Many people make the mistake of just budgeting for daily or monthly expenses but not for the sudden unexpected expense, which can suddenly throw the budget and your financial goals out of the window, and you will be saddled with a lot of unexpected expenditure.

  1. Ensure adequate retirement and insurance.

It has been determined that 20 per cent of your gross income might be necessary to be saved for a good retirement. For early retirement, 25 to 40 per cent of your gross income might be necessary. Make sure while budgeting that these numbers are taken into account. Also, do not forget to ensure that the main income generators have adequate life and health insurance. Health costs can be astronomical if a major illness strikes unexpectedly and these expenses can derail the strongest financial plan. Getting adequate insurance, like life insurance Singapore will mitigate some of these situations.

  1. Check your credit scores and reports frequently.

Maintaining good credit scores and having a good credit report improves your financial standing tremendously. A good credit report can be created by paying all bills on time, keeping debt under control and by building a wide margin between credit that you can get, versus the credit that you are actually using. This margin indicates that you are not living on the edge and using up all the credit that you qualify for.

  1. Check key savings rates.

Make sure retirement contributions and other savings are building at a good interest rate.

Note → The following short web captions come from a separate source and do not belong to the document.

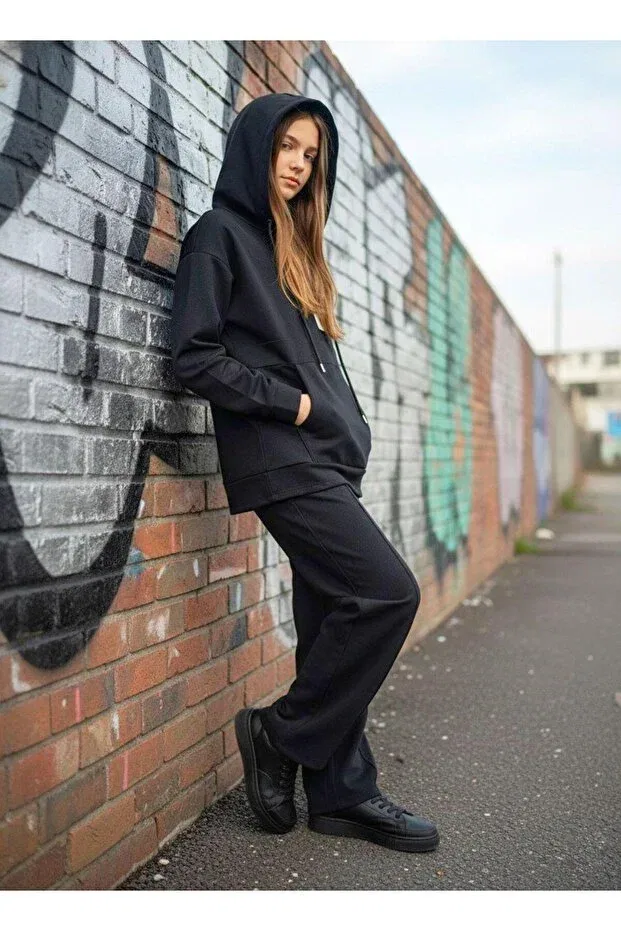 Детский для девочек спортивный костюм хлопковый Pantulux, Black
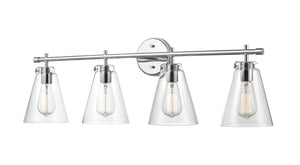 Vanity Fixtures 4 Lamps Aliza Vanity Light - Chrome - Clear Glass - 35in. Wide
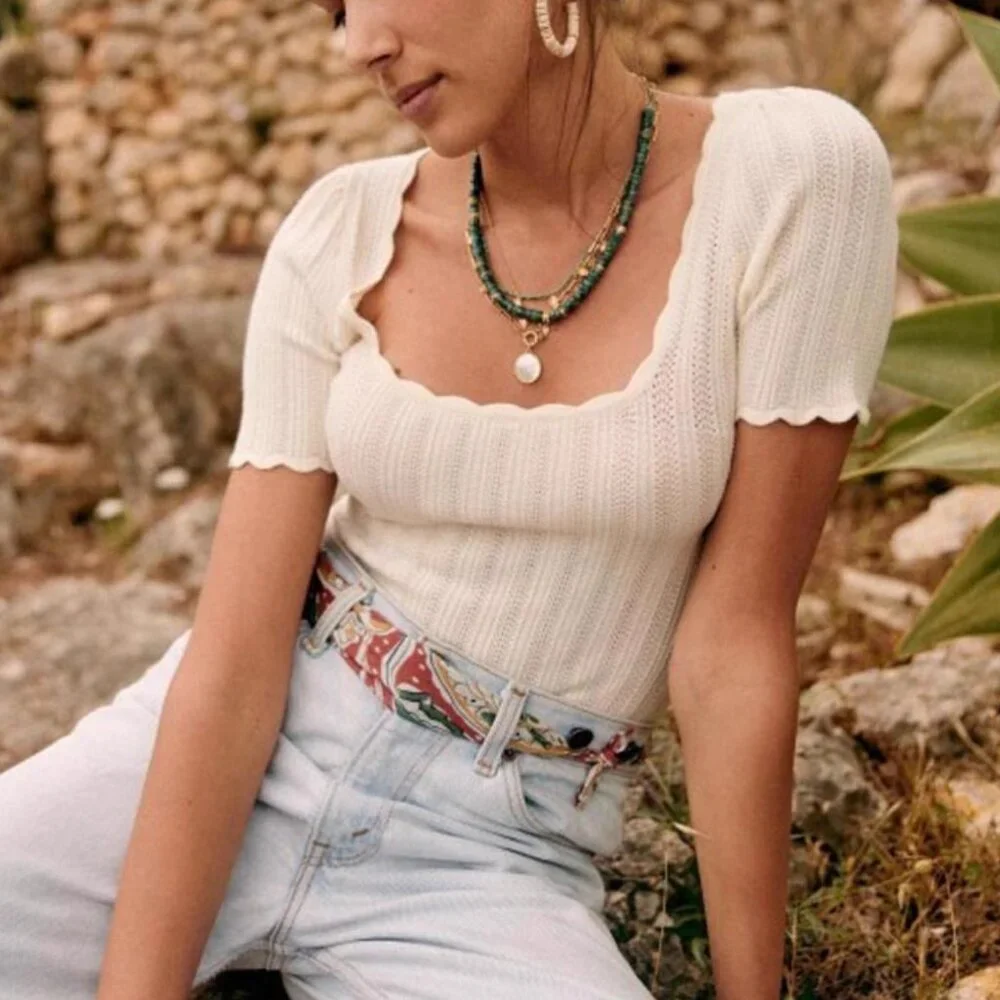 NWT Sezane Anil Jumper - Ecru Ivory Cream French Sweater Knit Top Soft Caus - Picture 2 of 12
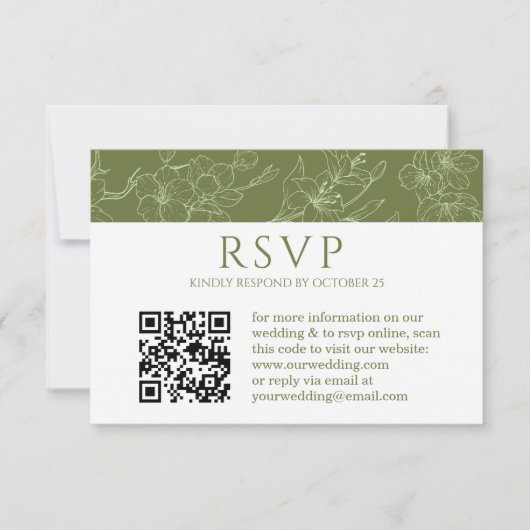 Eleganter Blumenstrauß Grüne Hochzeit QR UAWG Car RSVP Karte (Vorderseite)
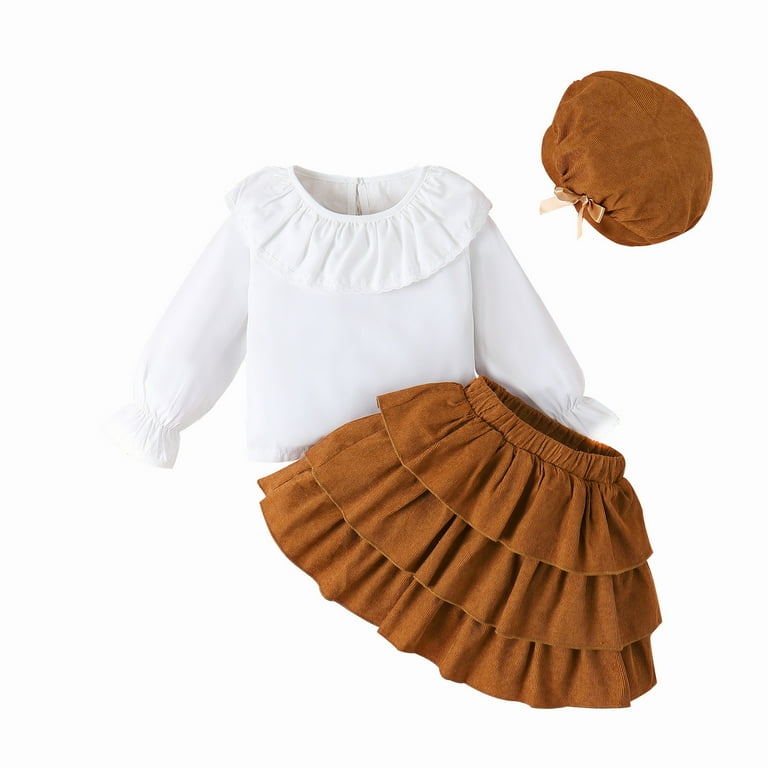 Toddler Kids Baby Girls Casual Clothes Set Solid Color Lace Shirt Tops Corduroy Skirt Hat 3Pcs Outfits Set For 5 6 Years Walmart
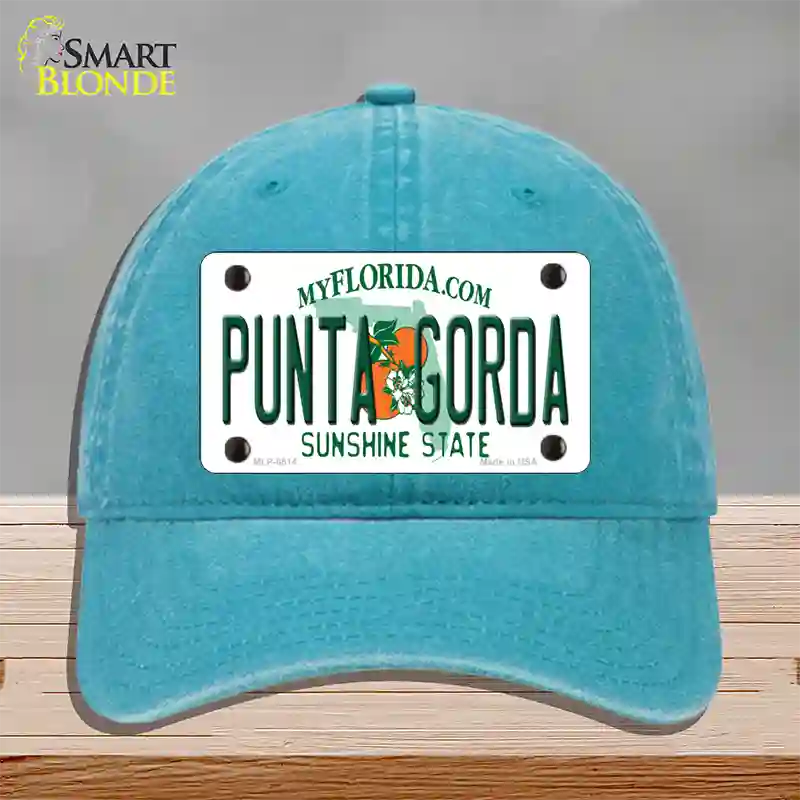 Punta Gorda Florida Novelty License Plate Hat Unconstructed Cotton / Lake Blue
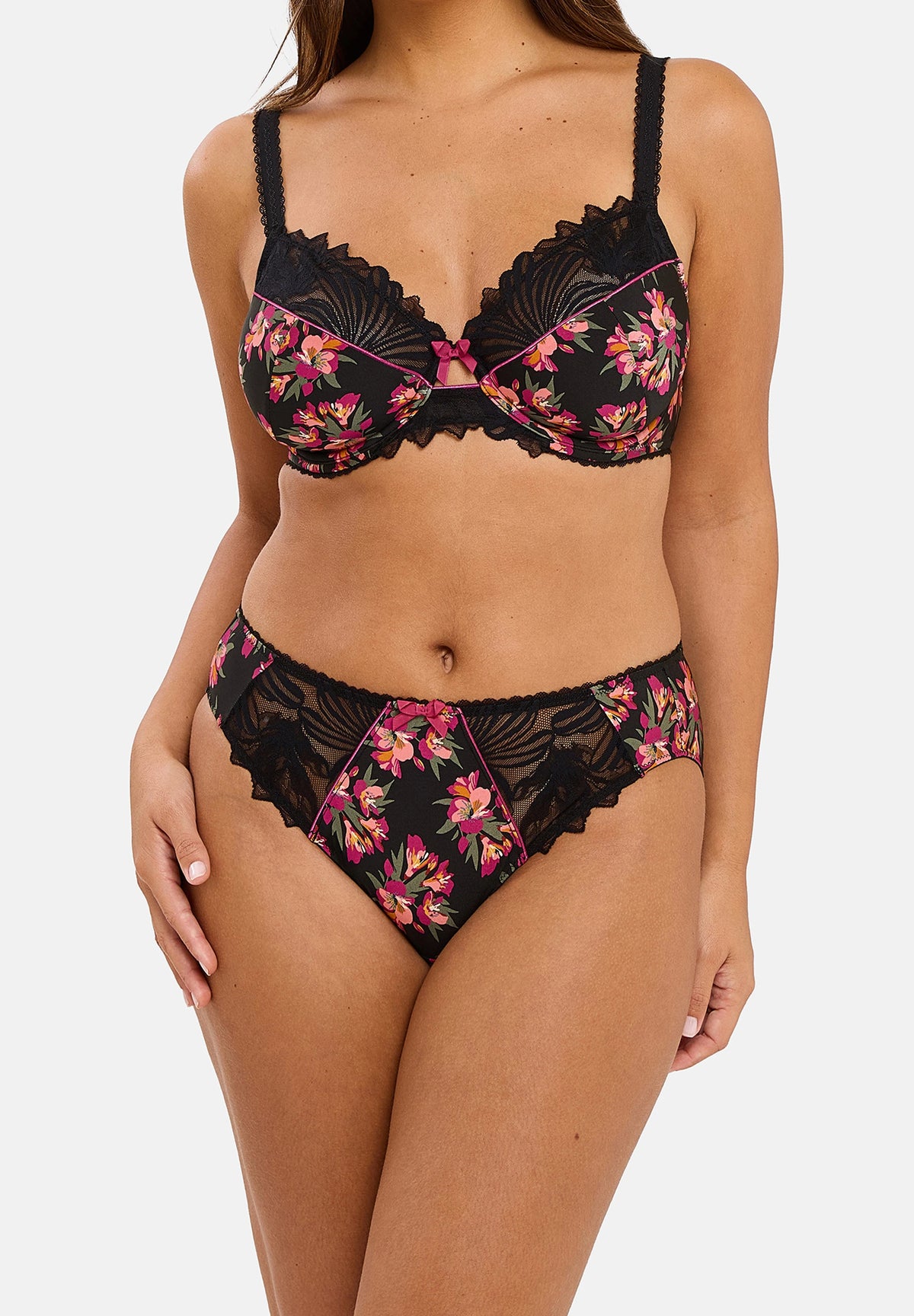 Oriane Bouquets Black & Pink full-cup bra – back view
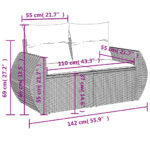 vidaXL 9-dielna záhradná sedacia súprava a vankúše hnedá polyratan – Obrázok 9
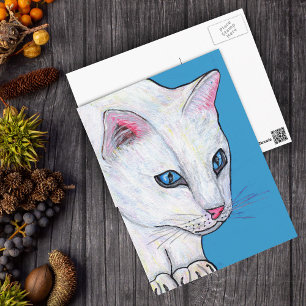 Blue Eyes White Cat Postcard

If it is determined that they are not performing well, it might be necessary to move investments around to different funds and investment vehicles. Many investors have no idea what their actual return on investment is. It is important to calculate the returns on investment after expenses and an after-tax basis. You can do this using a spreadsheet or other software tools. Keeping track of these simple savings metrics at least once a year can help motivate you to build greater financial success.

  1. Check tax rates.

People are sometimes unaware of how much taxes they are paying. There is an effective income rate, which consists of federal income rate, state income rate, payroll taxes and so on. This tax can vary from 5 per cent of your gross income to much higher percentages, depending on your total income. It might be worthwhile to reduce the amount of taxes paid by investing in tax-deferred accounts like tax-deferred IRA or other retirement accounts, health and child care savings accounts, being aware of all potential tax deductions that are available, or moving to a state with a lower tax burden.

Another figure that needs to be tracked is a marginal tax rate. If you add $1000 of hypothetical income to your gross income, see how much your tax bill changes. This marginal rate might affect how you want to save your money, for example, save in taxable bonds or tax-free but lower-yielding municipal bonds. It may also affect the amount you wish to work. The marginal rate can be lowered in similar ways as your effective tax rate.